Homomorphisms in the definition of free products In the book "a Course in the Theory of Groups" of Derek J.S. Robinson, the free product of groups $ \{G_{\lambda} \vert\ \lambda \in \Lambda \} $ is a group $ G $ and a collection of homomorphisms $ \{ \iota_{\lambda} : G_{\lambda}  \vert\ \lambda \in \Lambda \}  $  such that given any group $ H $ and a homomorphisms $ \{ \phi_{\lambda} : G_{\lambda} \to H \} $, we have a unique homomorphism $ \phi : G \to H $ such that $ \iota_{\lambda} \phi  = \phi_{\lambda}$.
My question is that are these maps $ \iota_{\lambda} $ the standard injections, i.e. that for all $ \lambda \in \Lambda $,  $ \iota_{\lambda} (g) = g $ for all $g \in G_{\lambda} $?
 A: What you describe is the universal property of a coproduct. There is no explicit construction in your text, only the universal property, and depending on the construction the coproduct maps will be defined differently.
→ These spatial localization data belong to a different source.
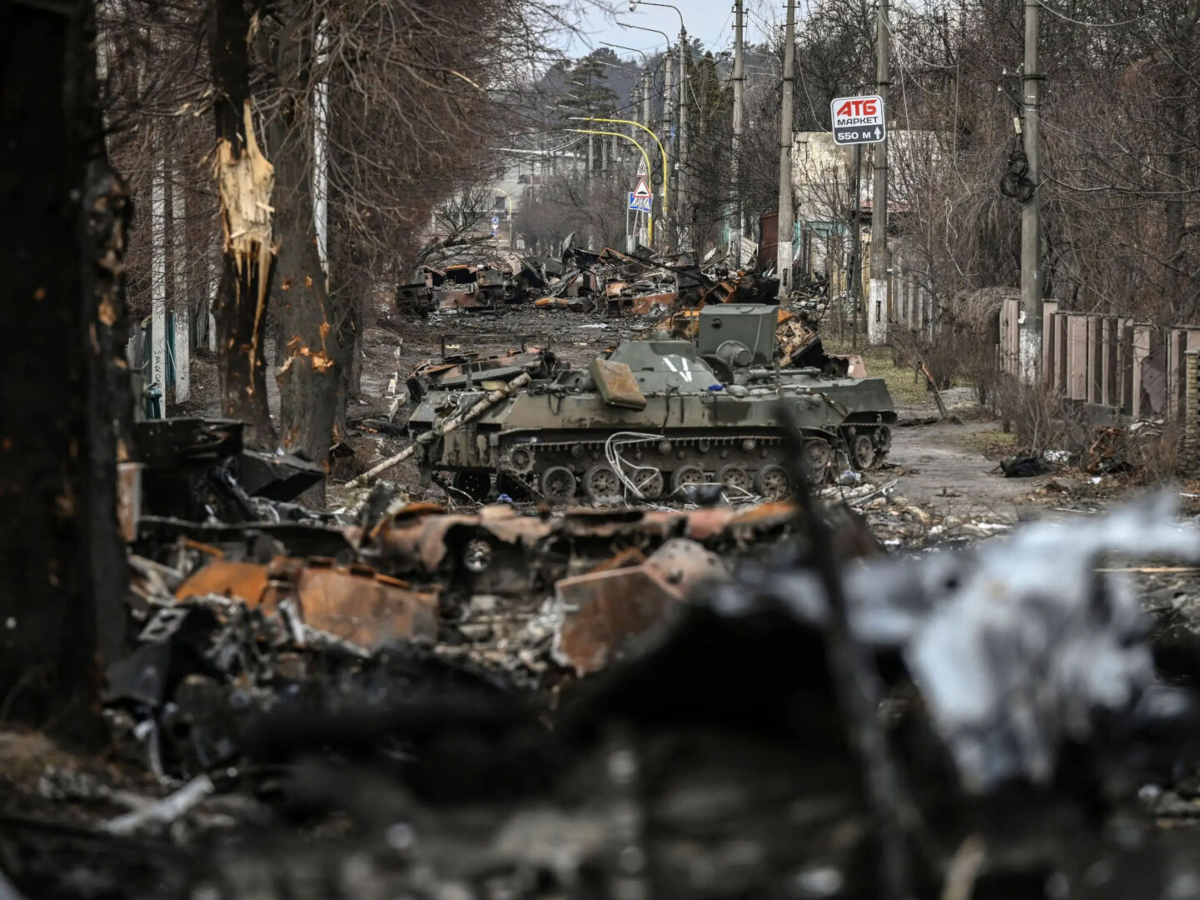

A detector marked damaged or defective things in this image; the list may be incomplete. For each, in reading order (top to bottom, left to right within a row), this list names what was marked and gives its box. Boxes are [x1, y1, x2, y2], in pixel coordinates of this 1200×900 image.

charred debris [11, 396, 1200, 900]
burned armored vehicle [408, 300, 896, 500]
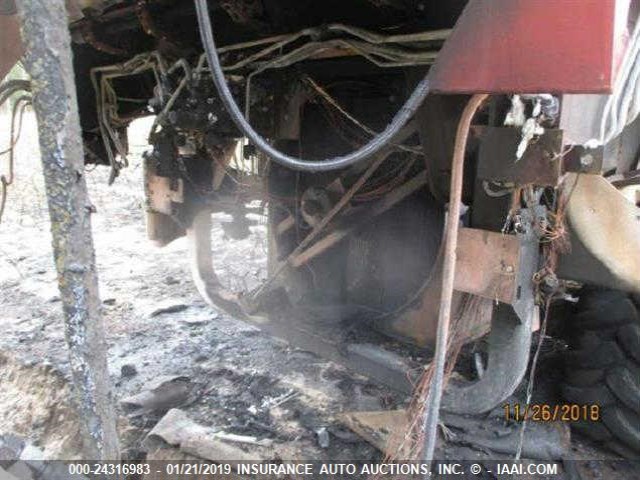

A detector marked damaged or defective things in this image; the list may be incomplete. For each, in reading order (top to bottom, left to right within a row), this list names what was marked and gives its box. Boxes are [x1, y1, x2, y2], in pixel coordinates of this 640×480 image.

rusted metal frame [16, 0, 120, 460]
peeling rusted metal [17, 0, 120, 462]
rusted metal frame [292, 171, 430, 268]
rusted metal frame [422, 92, 488, 464]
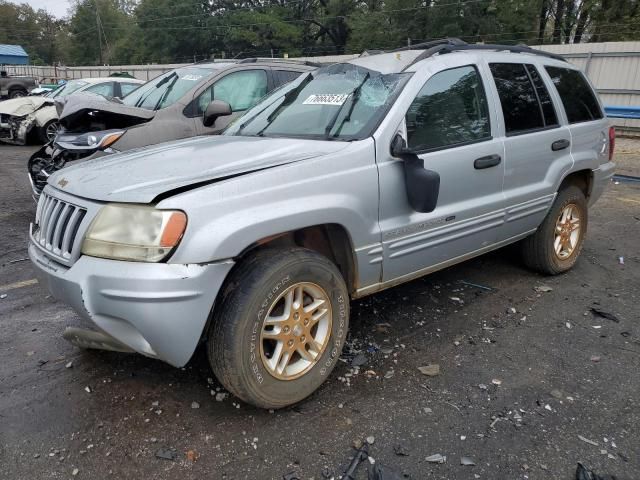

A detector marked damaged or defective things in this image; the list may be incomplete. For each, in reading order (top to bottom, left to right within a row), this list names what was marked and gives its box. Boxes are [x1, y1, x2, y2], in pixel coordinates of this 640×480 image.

wrecked vehicle [0, 71, 37, 99]
damaged car [0, 75, 142, 144]
wrecked vehicle [0, 76, 142, 144]
damaged car [27, 59, 318, 197]
wrecked vehicle [27, 60, 318, 199]
wrecked vehicle [28, 40, 616, 408]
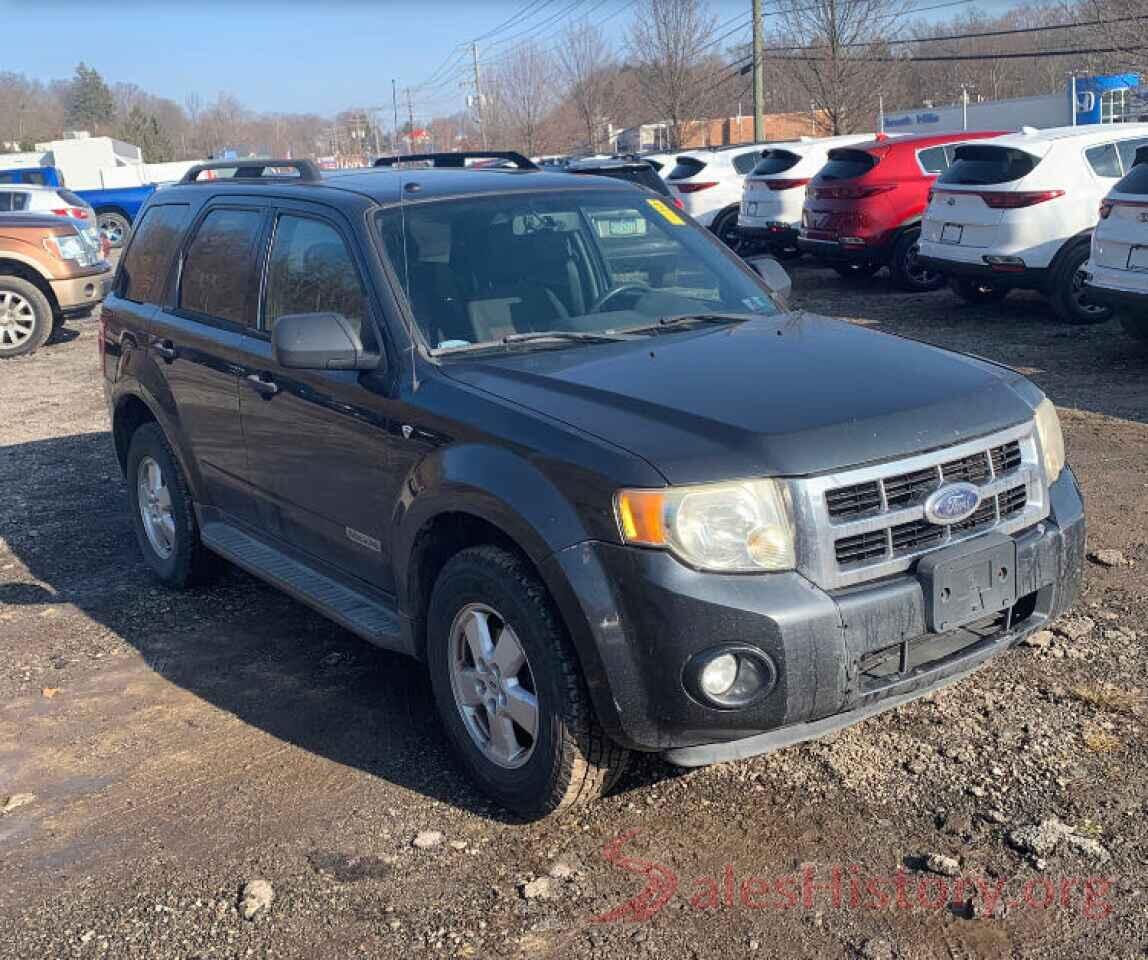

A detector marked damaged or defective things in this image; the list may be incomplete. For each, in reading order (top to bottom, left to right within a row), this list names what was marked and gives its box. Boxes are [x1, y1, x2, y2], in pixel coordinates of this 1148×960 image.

Here is one construction which works. You form a big set $String(\bigsqcup_\lambda UG_\lambda)$ of strings with symbols from the set $\bigsqcup_\lambda UG_\lambda$. You turn that set of strings into monoid by concatination. Next, you define functions $i_\lambda: G_\lambda\to String(\bigsqcup_\lambda UG_\lambda)$ which send a $g\in G_\lambda$ to the string $g$ of length one. Next, you make the least amount of identifications on the set of strings which are necessary so that all the $i_\lambda$s become group homomorphism. The resulting set $String(\bigsqcup_\lambda UG_\lambda)/\sim$ with its induced monoid structure is in fact a group, and together with the maps $G_\lambda \to String(\bigsqcup_\lambda UG_\lambda) \to String(\bigsqcup_\lambda UG_\lambda)/\sim$ it is the coproduct and satisfies the universal property described in your question. Now you have a concrete description of the group morphisms $i_\lambda$.